TASK DATA
□ □ □ □ □
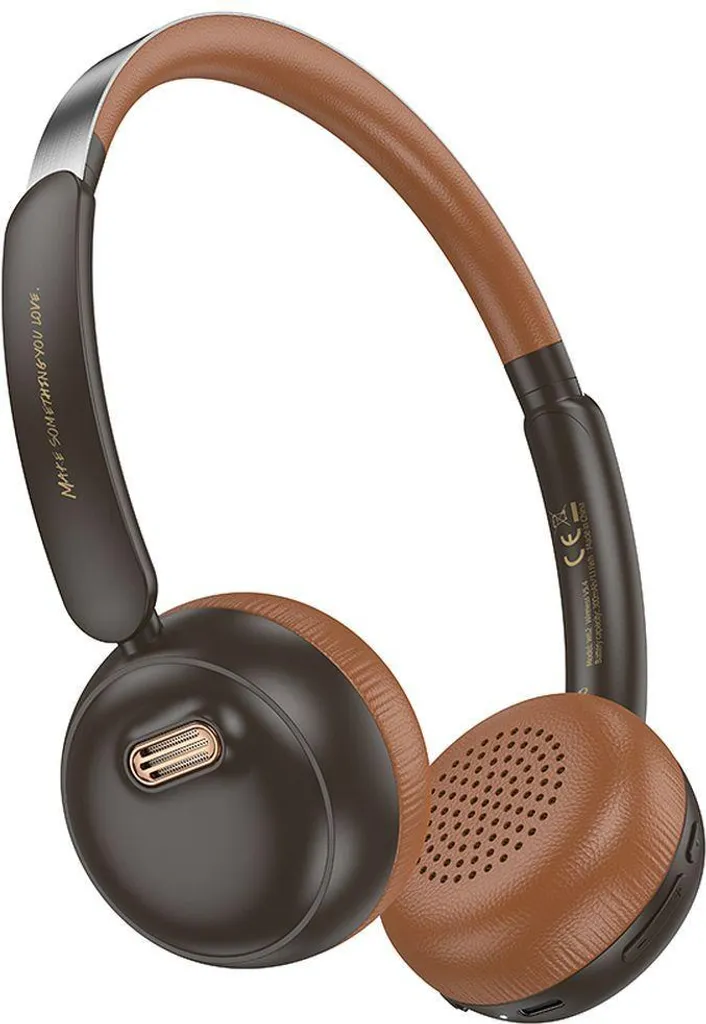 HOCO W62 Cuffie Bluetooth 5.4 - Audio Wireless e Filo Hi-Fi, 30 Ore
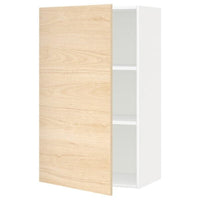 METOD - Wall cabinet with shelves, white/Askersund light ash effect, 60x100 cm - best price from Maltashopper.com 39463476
□ □ □ □ □
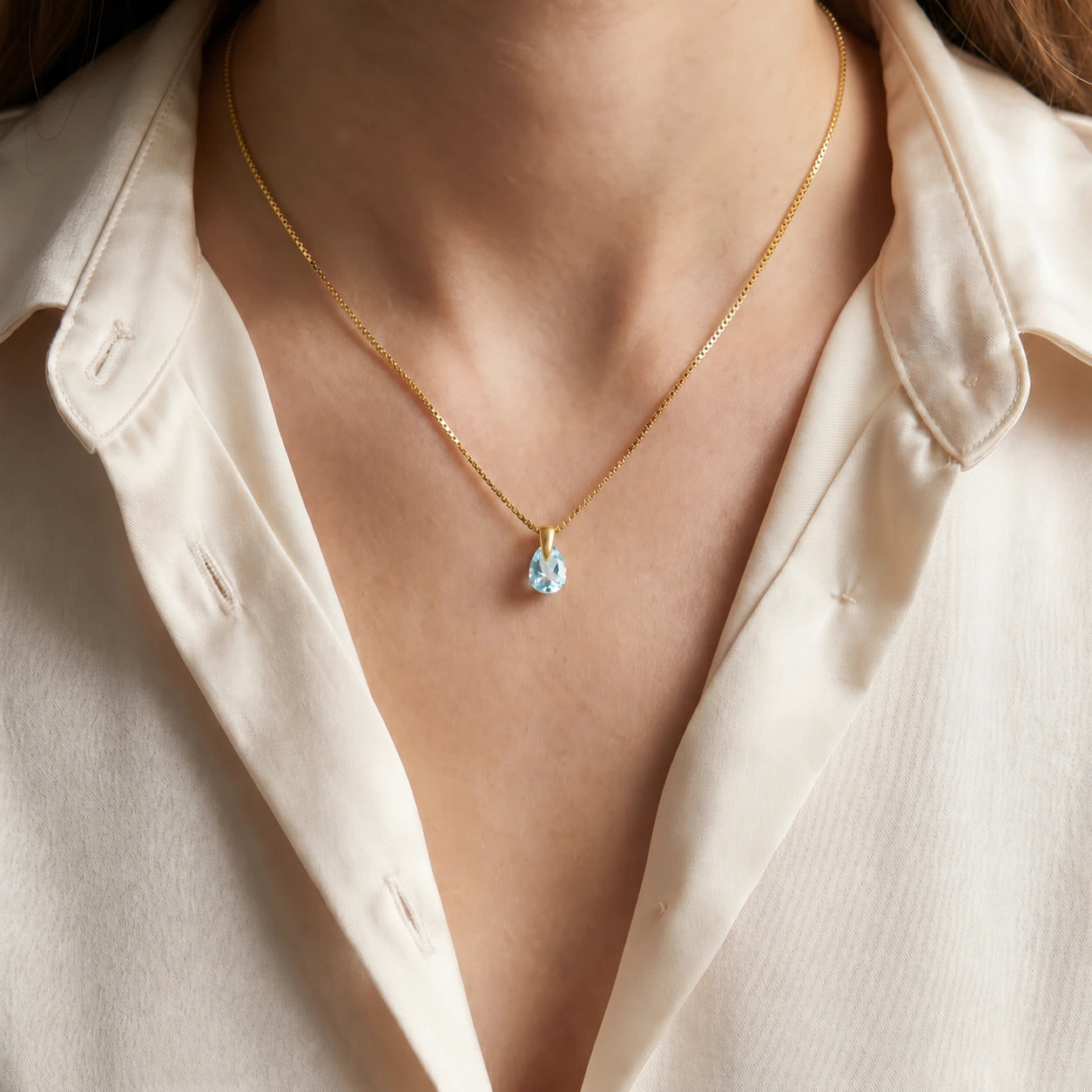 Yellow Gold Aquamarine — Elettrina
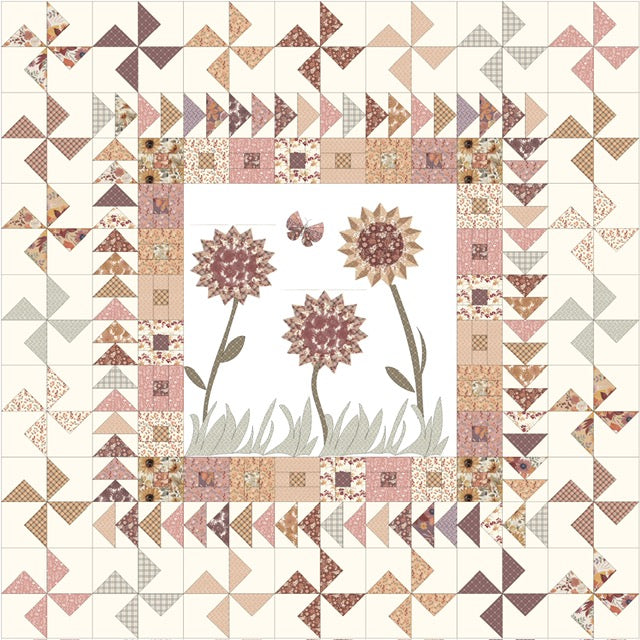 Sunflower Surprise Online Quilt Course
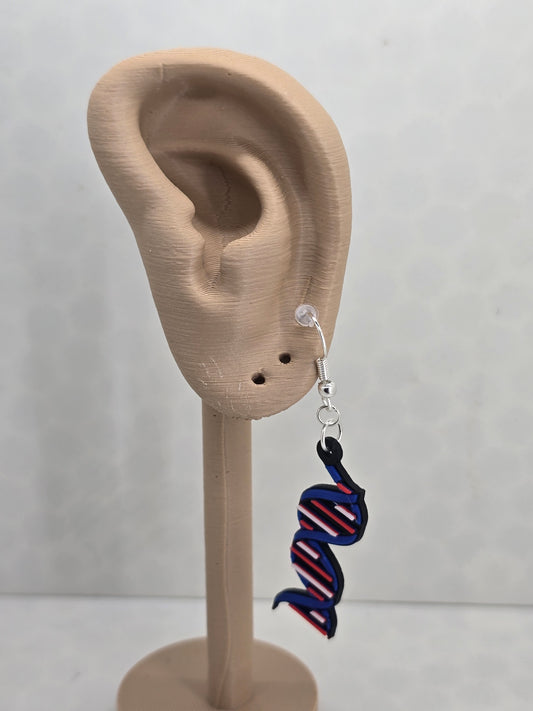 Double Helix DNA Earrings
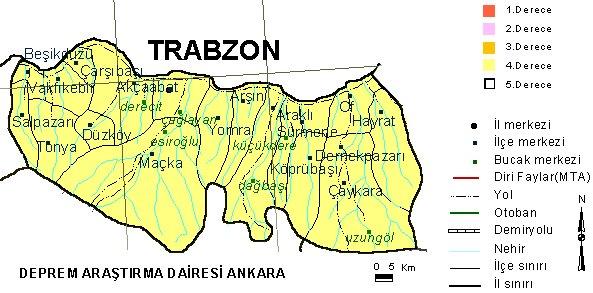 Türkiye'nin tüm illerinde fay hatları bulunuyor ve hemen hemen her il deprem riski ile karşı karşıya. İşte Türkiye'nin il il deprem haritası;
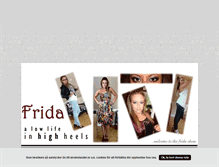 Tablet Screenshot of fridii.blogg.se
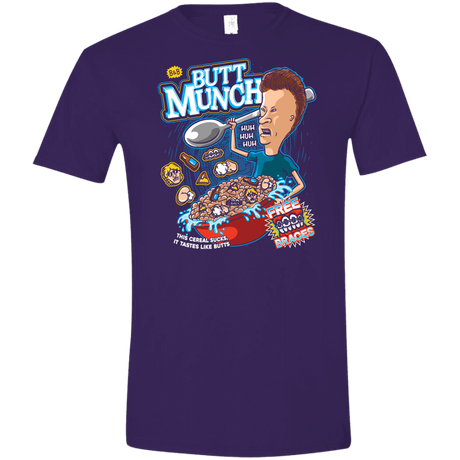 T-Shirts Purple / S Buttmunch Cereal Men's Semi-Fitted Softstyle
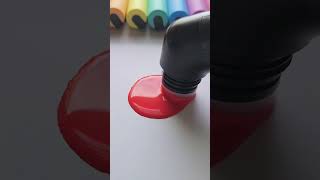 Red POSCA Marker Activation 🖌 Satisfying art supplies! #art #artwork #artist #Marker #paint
□ □ □ □ □
WHAT THE TASK REQUIRES
Pictures in the material above should be skipped; print exactly the lines from the one with "HOCO W62 Cuffie" through the one with "METOD - Wall".

RESPONSE TO THE TASK
 HOCO W62 Cuffie Bluetooth 5.4 - Audio Wireless e Filo Hi-Fi, 30 Ore
 METOD - Wall cabinet with shelves, white/Askersund light ash effect, 60x100 cm - best price from Maltashopper.com 39463476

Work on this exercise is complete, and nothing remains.